I began my itinerium to Saint James and Fontgombault on Friday, September 24. It began with Holy Mass (according to the Roman Missal of Blessed John XXIII), with Marcel Walter assisting, at 5 :30 AM in the newly restored chapel of the house at Saint Jude’s. Then off to the airport we go. The flight was long, if uneventful. I arrived in Madrid on Saturday about noon. Once installed into my tiny room at the Hostal Don Diego, I ventured out into the beautiful city with the sun shining away. Here are some of the first sights I saw on emerging from the depths of the subterrainium city train.
I decided to eat. I found a little Spanish trattoria called L’Spirale and had a very pleasant lunch at around 4 PM. When I was seated, the waiter right away brought bread and a little plate of julienned raw carrots marinated in olive oil, oregano, and garlic. He also brought some delightful bread, not sliced but baked in a deep dish pan and cut in squares. I had to have a glass of red wine to keep the carrots company.
By the way, you may think that I am alone on my little intinerium. For our book club at Saint Jude’s we are reading the book John Henry Newman, His Inner Life by the capuchin priest, Dr. Zeno. Although I am still in first few chapters, I am constantly being surprised by the remarkable personality of even the young Blessed Newman. In becoming more acquainted with the newly declared blessed, I feel that we are becoming friends not only because of or mutual love of Saint Philip Neri and his charism. I will blog more on this as I journey on my itinerium through Spain and France and the book.
Back to the late lunch. For the first plate, they brought me a delicious panache de verduras. This included peas, carrots (puck-like), potatoes, green beans, mushrooms, and artichoke hearts fried in a little bit of oil with fresh rosemary. I looked like this.
The second dish was Spaghetti Aglio Olio – I know – and Italian dish. I ordered it because it is one of my favourite dishes I like to make for myself. I wanted to see how they served it. In addition to what I do, they add some cilantro and red pepper flakes. They were very generous with the amount of grated parmesan cheese they left for you to use. It looked like this.

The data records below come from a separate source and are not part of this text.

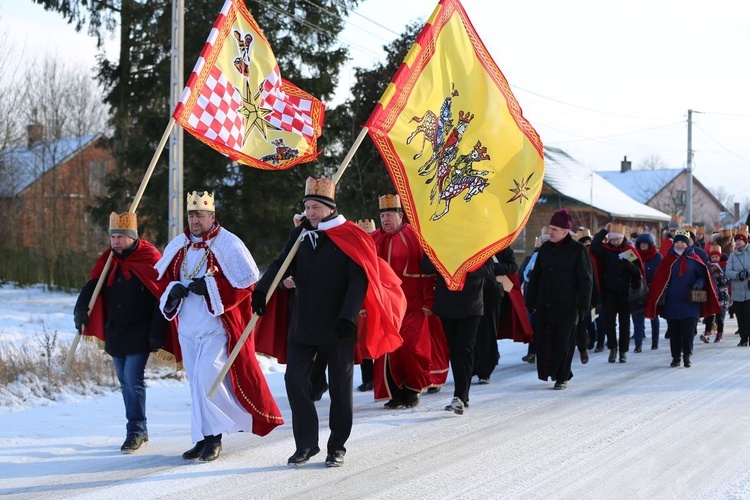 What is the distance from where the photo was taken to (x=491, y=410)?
9359mm

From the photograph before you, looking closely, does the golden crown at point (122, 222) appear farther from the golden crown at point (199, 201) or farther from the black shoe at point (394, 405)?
the black shoe at point (394, 405)

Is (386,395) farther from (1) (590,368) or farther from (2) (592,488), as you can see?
(1) (590,368)

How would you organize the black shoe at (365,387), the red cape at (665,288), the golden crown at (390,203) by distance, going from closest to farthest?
the golden crown at (390,203) < the black shoe at (365,387) < the red cape at (665,288)

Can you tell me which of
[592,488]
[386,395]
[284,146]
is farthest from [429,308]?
[592,488]

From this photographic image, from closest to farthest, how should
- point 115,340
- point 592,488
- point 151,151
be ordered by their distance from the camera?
1. point 592,488
2. point 115,340
3. point 151,151

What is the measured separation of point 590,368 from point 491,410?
157 inches

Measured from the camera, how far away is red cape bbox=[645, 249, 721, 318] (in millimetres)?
13547

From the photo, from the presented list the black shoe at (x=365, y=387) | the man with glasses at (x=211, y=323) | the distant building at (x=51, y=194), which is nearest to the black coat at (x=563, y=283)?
the black shoe at (x=365, y=387)

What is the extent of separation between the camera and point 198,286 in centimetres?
704

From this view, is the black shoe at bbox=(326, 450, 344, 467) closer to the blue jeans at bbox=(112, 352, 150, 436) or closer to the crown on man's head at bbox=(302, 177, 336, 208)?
the blue jeans at bbox=(112, 352, 150, 436)

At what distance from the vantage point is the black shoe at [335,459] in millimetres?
6777

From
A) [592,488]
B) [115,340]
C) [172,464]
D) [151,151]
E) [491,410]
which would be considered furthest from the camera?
[151,151]

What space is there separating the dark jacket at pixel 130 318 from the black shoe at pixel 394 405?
114 inches

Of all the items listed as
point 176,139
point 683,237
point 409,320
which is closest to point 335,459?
point 409,320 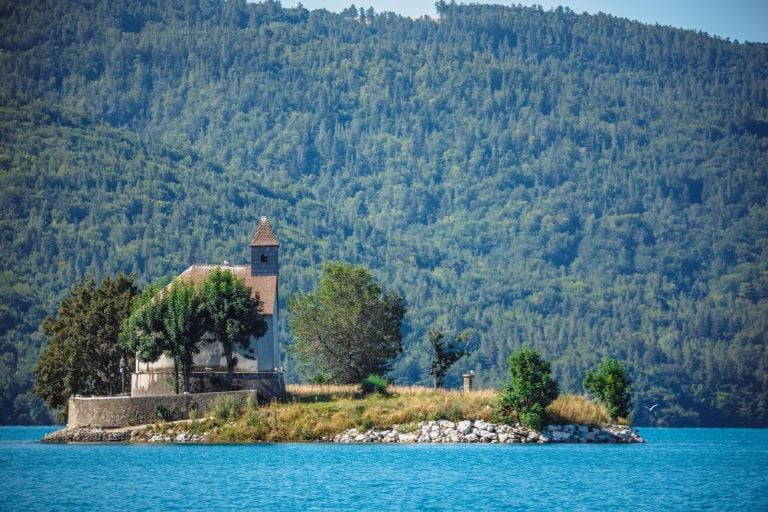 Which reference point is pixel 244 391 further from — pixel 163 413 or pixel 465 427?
pixel 465 427

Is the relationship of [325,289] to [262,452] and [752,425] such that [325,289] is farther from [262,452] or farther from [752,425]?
[752,425]

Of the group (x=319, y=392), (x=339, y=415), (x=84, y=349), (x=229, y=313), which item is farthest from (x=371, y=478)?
(x=84, y=349)

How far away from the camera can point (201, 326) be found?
86125mm

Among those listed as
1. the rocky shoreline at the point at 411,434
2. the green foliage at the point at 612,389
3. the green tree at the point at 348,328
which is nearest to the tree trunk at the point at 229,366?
the rocky shoreline at the point at 411,434

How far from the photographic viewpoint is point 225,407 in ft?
270

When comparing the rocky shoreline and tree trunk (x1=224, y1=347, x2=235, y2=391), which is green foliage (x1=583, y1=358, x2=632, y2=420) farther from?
tree trunk (x1=224, y1=347, x2=235, y2=391)

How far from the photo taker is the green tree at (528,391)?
81750 mm

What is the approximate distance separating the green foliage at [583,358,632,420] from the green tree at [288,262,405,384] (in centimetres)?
1546

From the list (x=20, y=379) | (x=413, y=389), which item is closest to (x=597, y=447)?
(x=413, y=389)

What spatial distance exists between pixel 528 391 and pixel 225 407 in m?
18.8

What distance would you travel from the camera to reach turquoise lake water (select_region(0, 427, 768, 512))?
5394 centimetres

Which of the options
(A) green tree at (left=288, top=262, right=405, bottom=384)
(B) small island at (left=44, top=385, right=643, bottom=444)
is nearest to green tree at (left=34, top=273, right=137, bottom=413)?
(B) small island at (left=44, top=385, right=643, bottom=444)

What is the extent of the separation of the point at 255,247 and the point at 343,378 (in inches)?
496

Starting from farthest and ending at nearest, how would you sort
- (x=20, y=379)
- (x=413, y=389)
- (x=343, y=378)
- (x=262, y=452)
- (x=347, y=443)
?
(x=20, y=379) < (x=343, y=378) < (x=413, y=389) < (x=347, y=443) < (x=262, y=452) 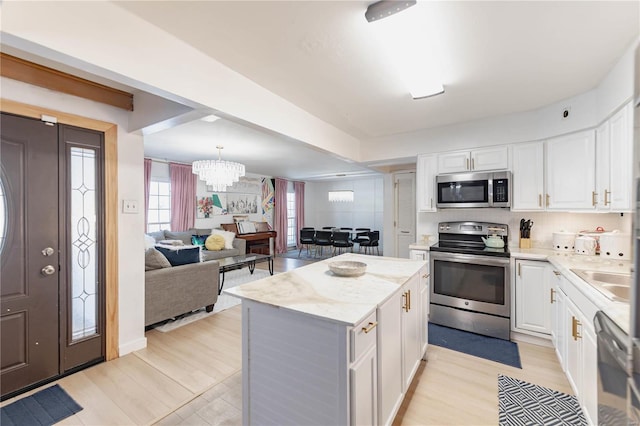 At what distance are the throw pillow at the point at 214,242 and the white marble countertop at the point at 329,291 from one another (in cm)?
434

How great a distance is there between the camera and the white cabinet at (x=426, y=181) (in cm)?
352

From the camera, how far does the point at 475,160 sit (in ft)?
10.7

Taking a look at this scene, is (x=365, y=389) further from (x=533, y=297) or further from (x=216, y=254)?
(x=216, y=254)

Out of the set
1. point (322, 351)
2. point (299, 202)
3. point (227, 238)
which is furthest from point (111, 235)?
point (299, 202)

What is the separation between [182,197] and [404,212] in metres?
4.94

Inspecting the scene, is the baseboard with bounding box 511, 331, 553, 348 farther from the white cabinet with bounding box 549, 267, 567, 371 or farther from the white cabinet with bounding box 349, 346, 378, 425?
the white cabinet with bounding box 349, 346, 378, 425

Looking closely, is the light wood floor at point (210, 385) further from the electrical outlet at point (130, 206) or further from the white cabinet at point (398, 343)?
the electrical outlet at point (130, 206)

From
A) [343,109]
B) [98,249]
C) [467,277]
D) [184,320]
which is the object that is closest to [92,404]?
[98,249]

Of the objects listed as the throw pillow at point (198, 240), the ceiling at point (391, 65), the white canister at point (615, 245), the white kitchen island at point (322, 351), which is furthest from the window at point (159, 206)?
the white canister at point (615, 245)

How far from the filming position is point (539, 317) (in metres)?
2.68

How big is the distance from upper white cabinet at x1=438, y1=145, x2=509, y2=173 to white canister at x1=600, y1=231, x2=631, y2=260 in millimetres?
1115

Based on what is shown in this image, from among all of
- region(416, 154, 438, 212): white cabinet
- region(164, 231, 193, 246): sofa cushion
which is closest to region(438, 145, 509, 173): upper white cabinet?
region(416, 154, 438, 212): white cabinet

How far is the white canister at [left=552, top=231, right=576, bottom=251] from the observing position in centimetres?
273

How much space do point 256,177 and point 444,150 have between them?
5759 millimetres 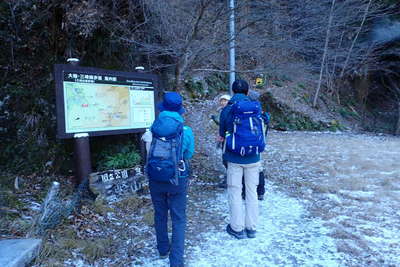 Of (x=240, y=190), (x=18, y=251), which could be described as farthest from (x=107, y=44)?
(x=18, y=251)

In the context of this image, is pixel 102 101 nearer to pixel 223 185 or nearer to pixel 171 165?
pixel 171 165

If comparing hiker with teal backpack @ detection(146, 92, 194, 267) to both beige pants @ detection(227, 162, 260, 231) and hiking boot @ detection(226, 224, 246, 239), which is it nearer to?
beige pants @ detection(227, 162, 260, 231)

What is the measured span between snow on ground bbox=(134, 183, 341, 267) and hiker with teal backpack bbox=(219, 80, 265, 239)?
0.62 ft

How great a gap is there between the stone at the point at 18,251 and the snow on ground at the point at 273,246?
1.01 meters

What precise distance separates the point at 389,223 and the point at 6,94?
5.71 m

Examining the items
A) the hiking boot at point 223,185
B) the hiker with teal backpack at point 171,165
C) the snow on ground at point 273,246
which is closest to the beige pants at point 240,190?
the snow on ground at point 273,246

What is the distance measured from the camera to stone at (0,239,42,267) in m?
2.54

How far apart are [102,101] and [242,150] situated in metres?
2.15

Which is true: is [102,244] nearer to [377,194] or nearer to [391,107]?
[377,194]

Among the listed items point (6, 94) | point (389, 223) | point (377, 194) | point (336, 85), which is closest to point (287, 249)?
point (389, 223)

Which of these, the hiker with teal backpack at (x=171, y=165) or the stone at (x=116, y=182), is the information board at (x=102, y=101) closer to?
the stone at (x=116, y=182)

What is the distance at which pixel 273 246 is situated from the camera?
331cm

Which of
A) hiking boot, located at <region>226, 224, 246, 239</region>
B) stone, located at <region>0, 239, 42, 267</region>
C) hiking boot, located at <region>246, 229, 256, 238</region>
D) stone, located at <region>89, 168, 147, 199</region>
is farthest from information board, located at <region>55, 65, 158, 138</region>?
hiking boot, located at <region>246, 229, 256, 238</region>

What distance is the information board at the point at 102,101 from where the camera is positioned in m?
3.84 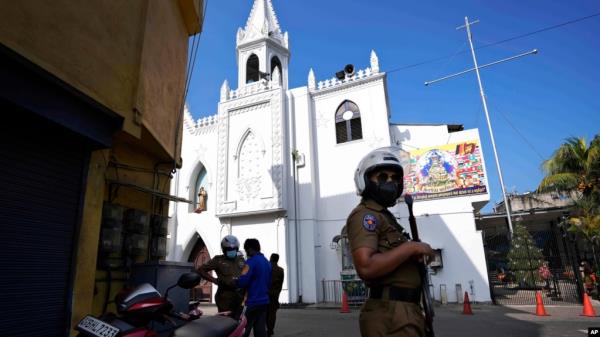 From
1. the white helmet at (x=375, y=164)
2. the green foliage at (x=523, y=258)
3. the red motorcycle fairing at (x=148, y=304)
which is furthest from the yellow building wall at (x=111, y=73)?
the green foliage at (x=523, y=258)

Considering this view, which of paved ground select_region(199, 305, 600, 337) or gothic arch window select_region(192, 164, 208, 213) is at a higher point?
gothic arch window select_region(192, 164, 208, 213)

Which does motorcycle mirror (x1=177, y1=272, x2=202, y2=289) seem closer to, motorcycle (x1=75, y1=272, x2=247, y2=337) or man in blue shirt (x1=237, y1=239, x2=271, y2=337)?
motorcycle (x1=75, y1=272, x2=247, y2=337)

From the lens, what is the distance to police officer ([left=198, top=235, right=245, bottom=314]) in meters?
5.89

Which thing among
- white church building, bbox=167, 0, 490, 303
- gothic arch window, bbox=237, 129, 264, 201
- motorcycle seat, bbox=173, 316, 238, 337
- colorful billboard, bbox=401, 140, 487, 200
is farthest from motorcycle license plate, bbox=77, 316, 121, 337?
gothic arch window, bbox=237, 129, 264, 201

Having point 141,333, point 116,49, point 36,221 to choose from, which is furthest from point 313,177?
point 141,333

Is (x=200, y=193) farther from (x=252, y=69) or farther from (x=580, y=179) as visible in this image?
(x=580, y=179)

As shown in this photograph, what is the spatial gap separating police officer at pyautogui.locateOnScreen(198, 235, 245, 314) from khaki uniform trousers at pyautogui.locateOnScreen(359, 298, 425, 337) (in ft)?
13.1

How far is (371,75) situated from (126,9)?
13.7 meters

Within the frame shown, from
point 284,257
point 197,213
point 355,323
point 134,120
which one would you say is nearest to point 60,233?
point 134,120

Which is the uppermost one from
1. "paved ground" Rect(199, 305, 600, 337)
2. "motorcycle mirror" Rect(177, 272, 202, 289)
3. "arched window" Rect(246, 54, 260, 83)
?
"arched window" Rect(246, 54, 260, 83)

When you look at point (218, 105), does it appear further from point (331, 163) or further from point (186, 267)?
point (186, 267)

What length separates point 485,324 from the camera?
8.71 metres

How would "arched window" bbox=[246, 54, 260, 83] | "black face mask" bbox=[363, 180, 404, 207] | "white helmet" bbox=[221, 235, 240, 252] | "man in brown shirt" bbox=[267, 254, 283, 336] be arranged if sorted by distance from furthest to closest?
1. "arched window" bbox=[246, 54, 260, 83]
2. "man in brown shirt" bbox=[267, 254, 283, 336]
3. "white helmet" bbox=[221, 235, 240, 252]
4. "black face mask" bbox=[363, 180, 404, 207]

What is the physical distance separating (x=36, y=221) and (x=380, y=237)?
3505mm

Once restored, id est, moi, it was time to hit the Prado. I decided to wait until 6 PM, when the final two hours of the hours of operation are free. I managed to take in the medieval and renaissance and some of the eighteenth century collection.
By now you may wonder if there is anything spiritual about the itinerium so far. Well, post Prado I made my way to the Basilica Jesús de Medinaceli, a church near the Prado, staffed the by the Franciscans. I attended the Saturday evening Mass. There was a good choir that supplied the music. At communion time, they sang the Ave verum of Mozart quite well. However, the Mass was an example of High Mass in the choir loft and Low Mass at the altar. This happens when the priest refrains from singing any of his parts. It makes what the choir does sound like an “add-on” instead of an integral part of the Mass, which it is. At the end of Mass, the priest donned a cope and preceeded to the Lady chapel where he incensed the altar. Meanwhile, the choir sang the Salve Regina. Once the chant was over, the priest led the collect and retired to the sacristy. I wonder if we should do this custom at Saint Jude’s. There is a true love and devotion to Mary in our parish.
After Mass and prayers, I headed my hotel room. I stopped and had an Ensalada Aurora — a sort of chef’s salad, I think. It went with a Spanish beer called Mahou. This was dinner – at about 10 PM. I got home and began my blogging. I am bushed. Hasta luego.